Carroll High School boys' basketball record flips overnight after eligibility violation
The Carroll High School boys’ basketball team's record flipped upside-down overnight.
The eligibility of one athlete is causing the entire team to suffer the consequences.
A sophomore on the team broke the Bona Fide Move Rule.
In order for a player to be eligible, a move has to meet certain requirements to qualify as quote "bona fide".
The school self-reported the issue, and is now fighting The Alabama High School Athletic Association's decision.
The Carroll Eagles put on quite a performance at the Dothan Hoops Classic, finishing third.
The only problem - one of those players technically shouldn't have been on the court due to the Bona Fide Move Rule.
"The intent is to prevent student athletes from bouncing from school to school to school to school," said Ozark City Schools Superintendent Rick McInturf.
Carroll had one athlete 'bounce' from Dothan High over the summer.
The student lives with his father in Ozark and meets all the requirements for enrollment, but the Alabama High School Athletic Association has some extra criteria.
"We were in compliance with most sections of the rule, but there is one section that says specifically, that when a student moves, all principle members of the family must reside together in the new residence,” said McInturf.
Superintendent McInturf said the district was under the impression the mother would be moving up to Ozark with the student over the summer.
When they discovered that was not the case, during the Dothan Hoops Classic, the district reported it to the AHSAA.
The AHSAA is making the athlete sit out the same amount of games he played in.
"Worst case scenario is August the 12th of next year,” said McInturf. “At that point the clock starts on his 20 game restitution."
That 'clock' could start sooner, this season in fact, if the move becomes bona fide.
That would require the mother to move to Ozark or the parents get officially divorced.
The AHSAA is also making the team forfeit all the games he played in, turning their record from 20-6 to 3-23.
The district, somewhat conveniently, learned about the eligibility issue before area play started.

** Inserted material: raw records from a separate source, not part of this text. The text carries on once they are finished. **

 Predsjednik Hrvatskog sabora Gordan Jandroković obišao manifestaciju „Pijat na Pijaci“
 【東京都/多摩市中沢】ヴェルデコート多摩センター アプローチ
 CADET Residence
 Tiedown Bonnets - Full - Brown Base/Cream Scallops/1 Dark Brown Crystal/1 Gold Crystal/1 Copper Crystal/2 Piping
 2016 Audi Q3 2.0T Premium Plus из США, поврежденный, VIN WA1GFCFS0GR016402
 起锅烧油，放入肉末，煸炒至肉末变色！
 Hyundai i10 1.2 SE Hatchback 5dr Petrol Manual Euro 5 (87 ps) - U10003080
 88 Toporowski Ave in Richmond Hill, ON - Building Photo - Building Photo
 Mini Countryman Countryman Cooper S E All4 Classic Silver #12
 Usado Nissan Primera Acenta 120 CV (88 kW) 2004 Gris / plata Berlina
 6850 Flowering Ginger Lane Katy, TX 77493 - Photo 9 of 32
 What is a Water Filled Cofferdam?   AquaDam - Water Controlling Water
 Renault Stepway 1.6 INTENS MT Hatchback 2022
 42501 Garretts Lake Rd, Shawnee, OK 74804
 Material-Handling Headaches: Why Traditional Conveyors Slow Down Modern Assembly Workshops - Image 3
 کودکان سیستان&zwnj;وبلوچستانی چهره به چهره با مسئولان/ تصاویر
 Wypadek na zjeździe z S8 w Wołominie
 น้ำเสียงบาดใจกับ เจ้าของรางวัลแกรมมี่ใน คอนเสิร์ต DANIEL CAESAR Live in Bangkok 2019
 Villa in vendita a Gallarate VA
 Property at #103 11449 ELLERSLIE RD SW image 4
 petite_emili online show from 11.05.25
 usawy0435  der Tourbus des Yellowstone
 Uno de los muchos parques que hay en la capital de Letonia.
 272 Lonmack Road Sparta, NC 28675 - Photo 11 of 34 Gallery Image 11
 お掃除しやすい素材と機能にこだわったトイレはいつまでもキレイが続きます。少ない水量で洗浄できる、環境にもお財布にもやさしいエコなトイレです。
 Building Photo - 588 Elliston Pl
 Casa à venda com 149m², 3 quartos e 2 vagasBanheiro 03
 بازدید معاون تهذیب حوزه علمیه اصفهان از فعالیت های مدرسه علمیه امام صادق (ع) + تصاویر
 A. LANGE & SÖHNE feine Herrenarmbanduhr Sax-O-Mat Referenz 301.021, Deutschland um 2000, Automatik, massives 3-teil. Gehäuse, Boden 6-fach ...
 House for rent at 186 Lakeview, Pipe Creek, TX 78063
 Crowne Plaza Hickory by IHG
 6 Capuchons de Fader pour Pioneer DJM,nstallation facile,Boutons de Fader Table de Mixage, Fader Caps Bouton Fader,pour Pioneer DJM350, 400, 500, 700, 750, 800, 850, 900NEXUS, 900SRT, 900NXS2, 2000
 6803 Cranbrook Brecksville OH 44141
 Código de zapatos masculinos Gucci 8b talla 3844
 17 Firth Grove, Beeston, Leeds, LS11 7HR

"Our area schedule, area record, post-season play, all of that are still intact,” said McInturf. “If there is a silver lining to this, that's one."
WTVY reached out to Ron Ingram at the AHSAA for some additional information about the decision.
He said a little about the rule, but said he couldn't talk about any individual cases.
Ozark City Schools has submitted an appeal to the AHSAA.
The district's position is that the student's move had to do with his family situation, rather than for the basketball program.